I will not be moving closer let alone into the same house as anyone who shouts and calls me the C word…esp in front of a child! Nope. Not worth the aggro or the manipulation that will come with it. Sorry, your mum sounds a little narcissistic and well, unhinged if I’m honest. Best kept at a distance..

Taytayslayslay · 05/05/2025 15:32

Sounds like my mum. Does she have a history of behaving this way? I had to cut mine off and go no contact because she couldn't respect my boundaries. The only boundaries I put in place were she stops calling my kids her babies and I invite her to my house when I want not a scheduled weekly visit lol. No advice other than you're not alone! Hope you and little one are doing okay💜

Bananafofana · 05/05/2025 15:37

A “good school” where parents don’t scream the c word at their/in front of their children ? Ironically she’s just the type of person people are trying to avoid their children mixing with their offspring …

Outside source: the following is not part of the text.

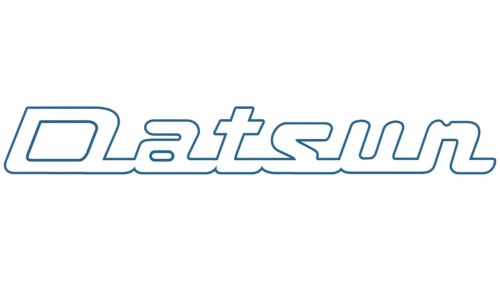 Datsun Logo 1970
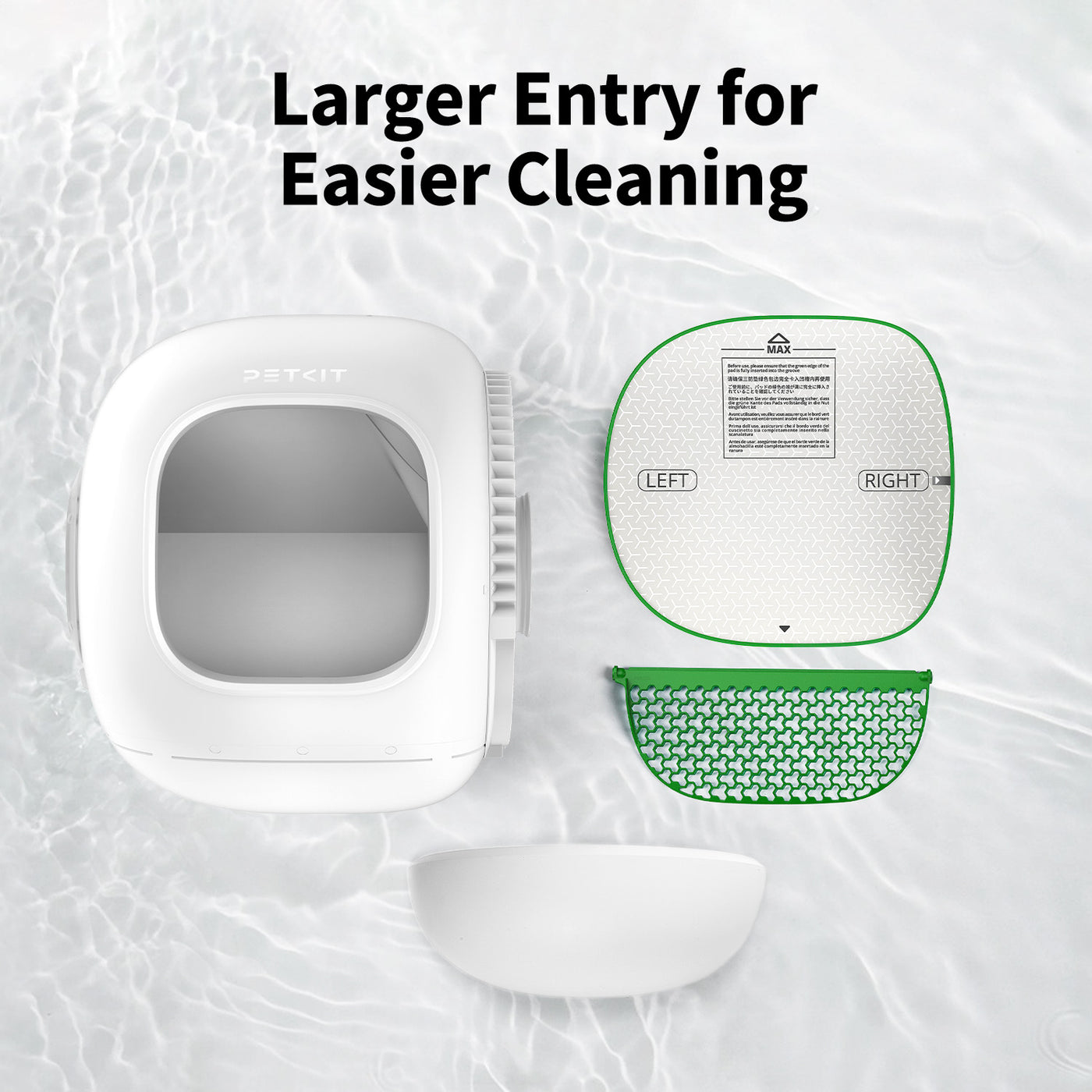 Purobot Max Pro 2 Automatic Cat Litter Box - Stock arriving 27 Aug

Enthusiasticcarrotgrower · 05/05/2025 15:37

You need to find a way to give her the money back. Then she won’t have any hold over you anymore.

Give up the idea of moving for now because you can’t afford it. Definitely don’t move in with her.

In my experience of people like this, when you first set a boundary they rail against it but it gets easier. She needs to apologise I wouldn’t be seeing her until there’s an apology for such awful language, especially in front of your child.

TheHerboriste · 05/05/2025 15:39

Blackdow · 03/05/2025 15:34

Why is she so involved in your life? She’s told you to sell up, rent and then move in with her so you’re doing it? Why?

Do not move in with her. If you can’t afford to move to or rent near a good school then that’s your lot and you need to accept that. Moving in with your mum sounds like a much worse option than a less great school.

Exactly. Why does she know so much about your business.

Agree with others, you need to do everything possible to hand her back her money, and go lc.

Hwi · 05/05/2025 15:40

I am jealous that a grandparent wants your little shit so bad - mine could not care less about the gc/ aka my dc. On both sides. Just being jealous.